21 Replies Latest reply on May 31, 2013 10:51 AM by michael2907

    Log Correlation: There Can Be Only One

    Mrs. Y.

      When I talk about log correlation with co-workers, I frequently use the analogy of "Highlander." For those of you who aren't sci-fi nerds, this was a movie (and later a TV show) in which the protagonist, an immortal named Conner Macleod, seeks absolute power and knowledge. Without going into too much detail, that means beheading other immortals in order to obtain their life-force in a process called a "quickening," in an attempt to reach the final goal of becoming the "only one."

       

       

       

      I find the similarity between this story and centralized logging very appropriate. As your log and event server ingests more data, it becomes increasingly omniscient, just like one of those immortals. You don't have to run around as much trying to pull data from various systems in order to conduct a forensic investigation or perform troubleshooting and you can even anticipate issues proactively. However, like the characters in "Highlander," bad information or a “dark quickening” can also overwhelm a centralized system. Think about all those alerts and events you start to ignore, the ever-increasing disk storage required. This occurs because someone neglects to spend the time up front to determine baselines and performance thresholds, create data retention policies and fails to tune the system as it matures. With log and event correlation, just like “Highlander,” an immortal’s work is never done and there’s always more knowledge to consume, one more nemesis to behead. After all, the movie did spawn multiple sequels and two TV series.

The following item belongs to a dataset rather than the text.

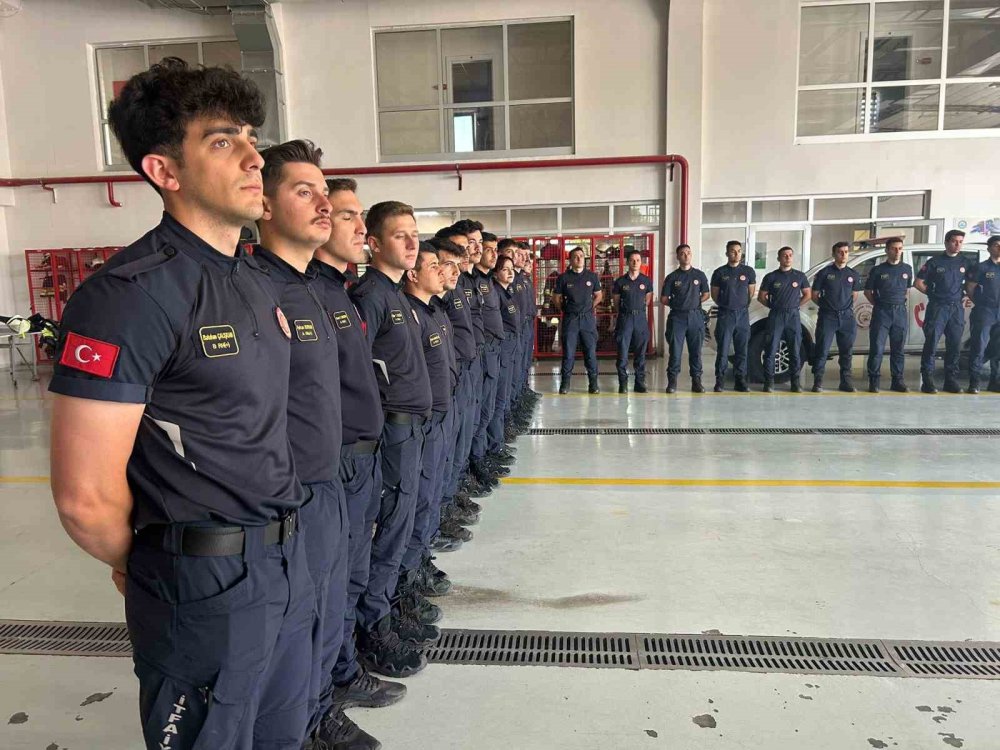 Göreve Başlayan 45 İtfaiye Erinin Gerçeğini Aratmayan Eğitimi Nefes Kesti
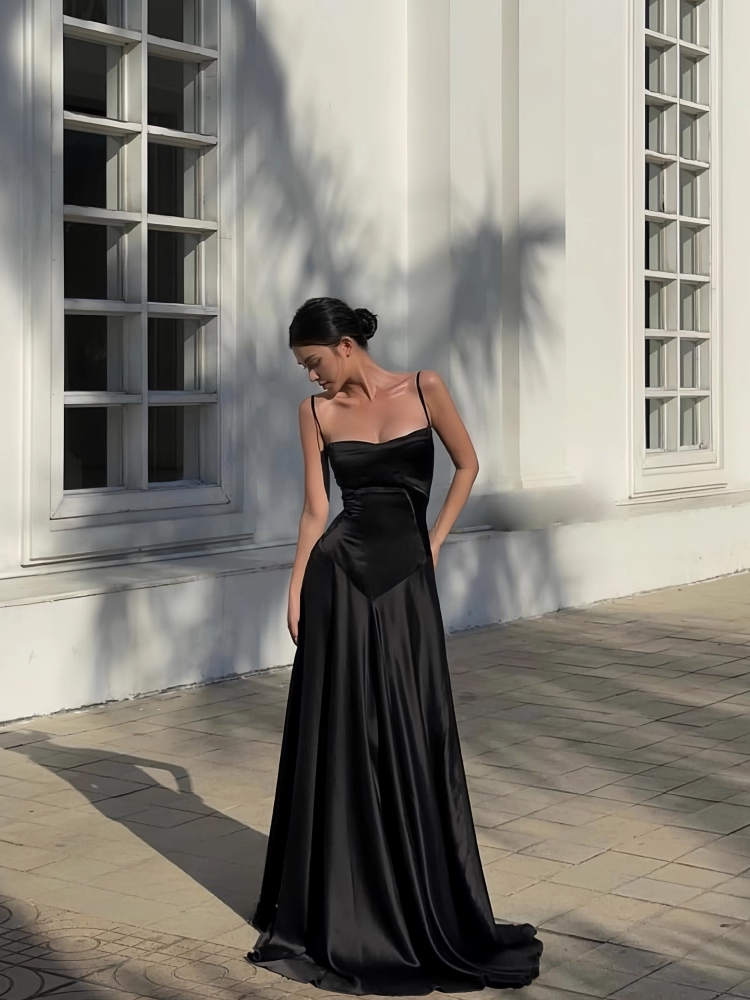 Chic Black Satin Lace-up Sheath Evening Gown Spaghetti Strap Party Dress Long Formal Dress TP4921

        • Re: Log Correlation: There Can Be Only One
          mdriskell

          First of all I should state that at one point in time There Can Be Only One was my network wifi password with some special characters thrown in for good measure of course.  Always loved that movie.

           

          As you stated in a previous post it's all about the right data.  It all comes back to design.  Like the old saying goes measure twice cut once.  By spending the time to design this system (or any other for that matter) properly you will get the most out of it.

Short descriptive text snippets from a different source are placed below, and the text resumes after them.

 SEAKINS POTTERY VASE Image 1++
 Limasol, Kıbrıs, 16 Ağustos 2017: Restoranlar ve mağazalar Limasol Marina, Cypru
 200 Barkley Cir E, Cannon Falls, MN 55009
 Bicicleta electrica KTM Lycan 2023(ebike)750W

          • Re: Log Correlation: There Can Be Only One
            Chet Camlin

            To avoid the avalanche of events that no one can decipher, I’ve always used targeted monitoring.  I’d ask myself “what are the most common problems associated with my network”. To implement targeted monitoring, you must understand why the problem occurred (root cause).  Too often a knee jerk solution is put into effect based on what failed. Example: an SMTP service is failing 4 times a week so lets just monitor the SMTP service and have a script restart it if it fails.  Wrong answer. Why did it fail?  Is this a symptom of a bigger problem?

             

            A simple well tuned monitoring system (NPM and LEM) and a well-trained, experienced admin will out perform a high cost complicated monitoring system.  When it comes to my network, I’d rather have a human tell me what happened based on empirical data supplied by the monitoring system. 

            • Re: Log Correlation: There Can Be Only One
              byrona

              Or if you prefer a different flavor of geekery "The one to rule them all". 

               

              I would certainly agree, when it comes to log and event management you really need to have just one spot, even if you are just using it for forensics and not doing anything proactive.  Having the ability to go to one place where you know all of your data is stored and having the ability to search through that data efficiently and see what was happening across all of your different devices at any point in time is absolutely necessary.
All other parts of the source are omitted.